3. Das Urteil ist vorläufig vollstreckbar. Der Verfügungskläger kann die Vollstreckung der Verfügungsbeklagten durch Sicherheitsleistung in Höhe von 110 % des aufgrund des Urteils vollstreckbaren Betrags abwenden, wenn nicht die Verfügungsbeklagte vor der Vollstreckung Sicherheit in Höhe von 110 % des zu vollstreckenden Betrags leistet.
Tatbestand
Der Verfügungskläger wurde im April 2010 gegründet und ist im Vereinsregister des Amtsgerichts Frankfurt am Main unter der Registernummer VR …eingetragen. Er ist einer der vier im Rechtsdienstleistungsregister (www.rechtsdienstleistungsregister.de) aufgeführten großen Verbände dieser Branche.
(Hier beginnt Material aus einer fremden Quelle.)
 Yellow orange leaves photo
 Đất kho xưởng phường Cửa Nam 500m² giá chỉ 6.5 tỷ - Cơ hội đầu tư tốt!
Ferner ist er als qualifizierter Wirtschaftsverband seit dem 06.11.2023 in der vom Bundesamt der Justiz geführten Liste gemäß § 8b UWG eingetragen und erfüllt insofern im öffentlichen Interesse liegende Aufgaben zur Einhaltung der Regeln des fairen Wettbewerbs. Darüber hinaus ist der Verfügungskläger eine nach § 3 Abs. 1 S. 1 Nr. 2 UKlaG anspruchsberechtigte Stelle und nach § 13 Abs. 1 UKlaG auskunftsberechtigt.
Die Verfügungsklägerin hat mehr als 75 Mitglieder aus dem Bereich Inkassounternehmen, Inkasso-Rechtsanwaltskanzleien und Handwerkskammern mit Inkassoabteilung. Die Verfügungsbeklagte ist als Rechtsanwältin in den Bereichen Zwangsvollstreckungsrecht, Erbrecht, Mietrecht, Grundstücksrecht und Zivilrecht tätig.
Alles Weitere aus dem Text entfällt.